Mas isso não vai excluir você de algo que está acontecendo neste momento em Curicica, bairro da Zona Oeste do Rio: um jovem, negro, hostilizado e emocionalmente esgotado, colocou a mão na maçaneta e abriu a porta de saída de um dos programas mais assistidos da TV brasileira nos últimos 20 anos.
Isso não te exclui. Não ter TV em casa não te exclui.
Assim como ter votado em branco em 2018 não te exclui dos resultados daquele ano.
No Brasil de 2021, diante de um massacre social, econômico, de mortandade, desemprego, fome e violência contra pretos e mulheres, neste mesmo Brasil as TVs estão ligadas num programa que começou como entretenimento e menos de um mês depois já deixa de ser um programa de entretenimento, para um programa de entristecimento.
Você está se entretendo vendo isso?
Seja sincero. Ao terminar de ler as notícias sobre o Planalto, sobre sua cidade, no caso a minha, o Rio, depois de ouvir todas as preocupantes projeções do nosso futuro, depois de ver que a esquerda não tem nome para 2022, e que o PT ao escolher Haddad, formalizou seu apoio a Bolsonaro, ligar a TV pra ver um jovem negro ser trucidado por outras pessoas, isso te entretém?
O Brasil está em caos por fora, e por dentro. A nossa crise é na alma. Estamos doentes. Adoecidos na psique.
Do outro lado, há um diretor de televisão. Boninho, homem forte da emissora, está aos poucos, mesmo que involuntariamente, levando a Globo para um lugar mais delicado. Ao ponto de pensarmos: Quem precisa de Bolsonaro para afundar a Globo, se temos Boninho?

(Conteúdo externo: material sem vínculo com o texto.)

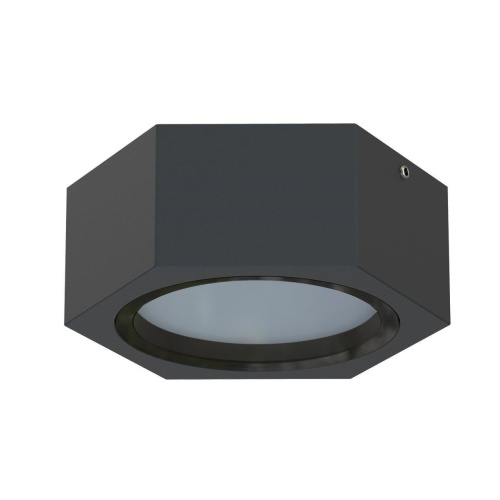 Уличный накладной светильник Favourite 4667-1U, уличный светильник, L110xW95xH42, 1xGX53LEDx15W, IP54, excluded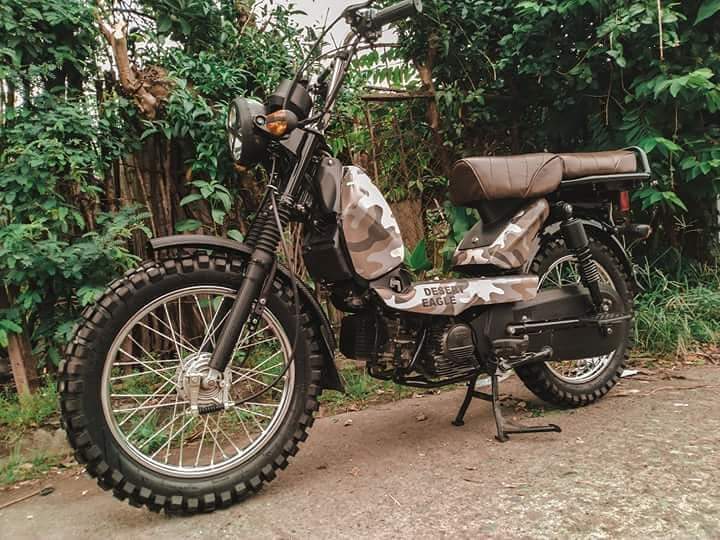 tvs xl 100 custom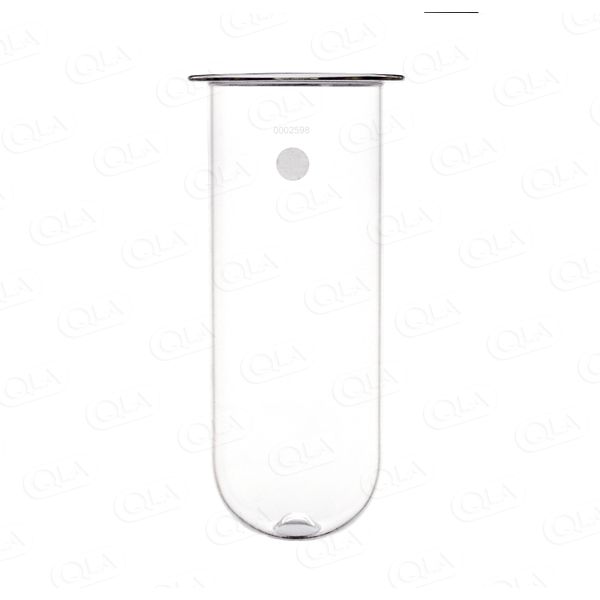 QLA 2000mL Clear Glass PEAK Vessel for Agilent/VanKel/Varian, Serialized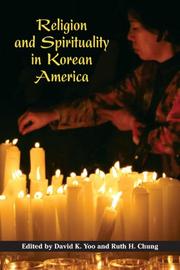 Cover of Religion and spirituality in Korean America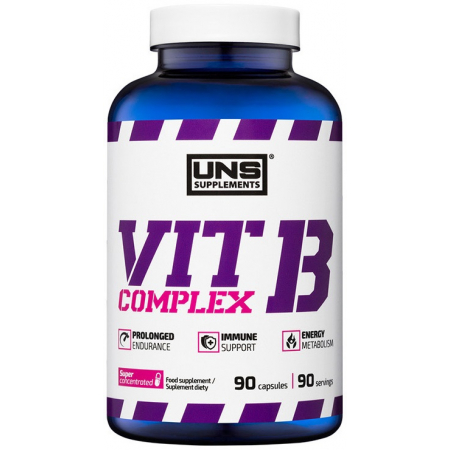 Вітамінний комплекс UNS - Vit B-Complex (90 капсул)
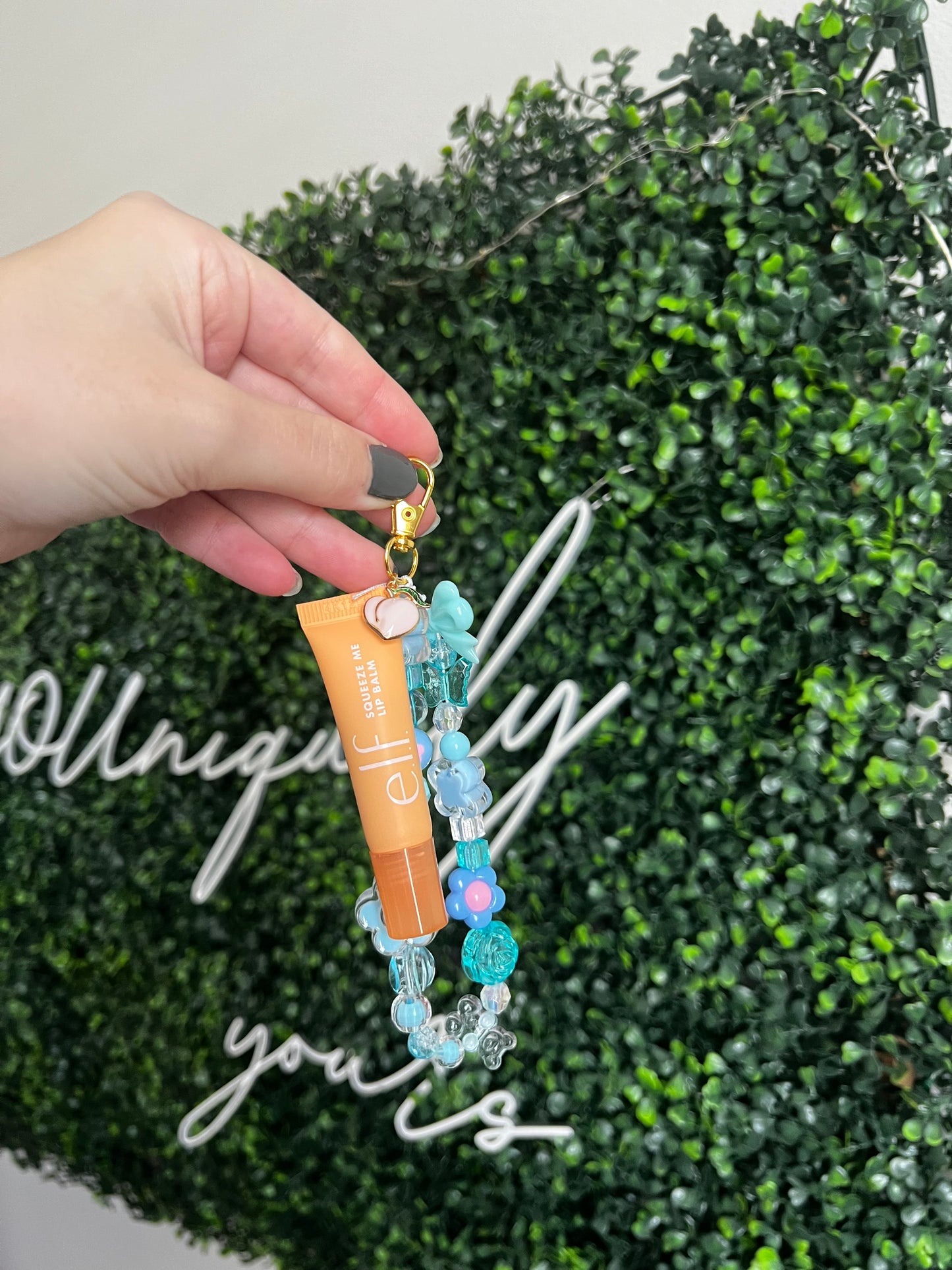 ELF LIP BALM KEYCHAINS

Eu, senhores. Que sou um mero colunista que não influencia o pagode na casa de ninguém, sou aconselhado a mudar frase, palavra, texto, e um diretor geral de TV parece que pode tudo, se Boninho assumisse essa coluna, ele poderia expor o veículo onde trabalha a tanto risco?
Eu espero que esta seja a última edição deste programa.
A saída de Lucas foi um gesto gigante: ele não está usando máscara, num momento em que todos estão. E não me refiro a N95, mas a pior máscara: a hipocrisia. O que está acontecendo ali é da ordem da barbárie.
E veja: pessoas negras contra pessoas negras. Em primeiro lugar, não podemos crucificar essas pessoas. Brancos fazem as mesmas coisas, todos os dias. Depois de 500 anos de opressão, não tem como a cabeça de uma pessoa negra ser 100% saudável.
Mas a “militância” está em cheque. Não foi por isso que Abdias e Lelia Gonzales lutaram. Não foi por isso que Sueli Carneiro lutou e luta, para acabar com a divisão entre pretos e pardos. Não foi pra lacrar, condenar o outro a uma prisão psicológica de dor e isolamento, que Angela Davis, Frei Davi, Amilcar Cabral, Franz Fanon, Audre Lorde, bell hooks, Malcolm X e tantos outros lutaram.
A militância da internet é co-responsável pelo massacre que está acontecendo no Projac. E sabe-se lá o que será do emocional deste menino. Mas sabemos quem são os responsáveis: de um lado, um diretor que pode tudo, e decidiu explorar a miséria.
De outro, uma militância que só fala, fala, e não vive o que prega. Eu não estou no camarote vendo. Eu estava há anos denunciando, nome e sobrenome, o Major Edson, executor de Amarildo, condenado, e agora reintegrado na PM. Um ato de escárnio.
Nós, e me incluo, alimentamos os heróis de mentira. Acontece que nós alimentamos um discurso onde só gente perfeita pode existir. E ninguém é perfeito.
Enquanto isso, a direita ri. Porque na direita, pelo menos, ninguém se julga perfeito, pelo contrário, sabem das próprias maracutaias, e vivem bem com isso.
Quem vai vencer? Um milhão e meio vale nossa sanidade? Eu lembro de uma ex-presidente, que disse algo meio sem sentido na época, mas que agora soa como profecia: “ninguém vai ganhar ou perder. Todo mundo vai perder.”
* Este texto representa as opiniões e ideias do autor.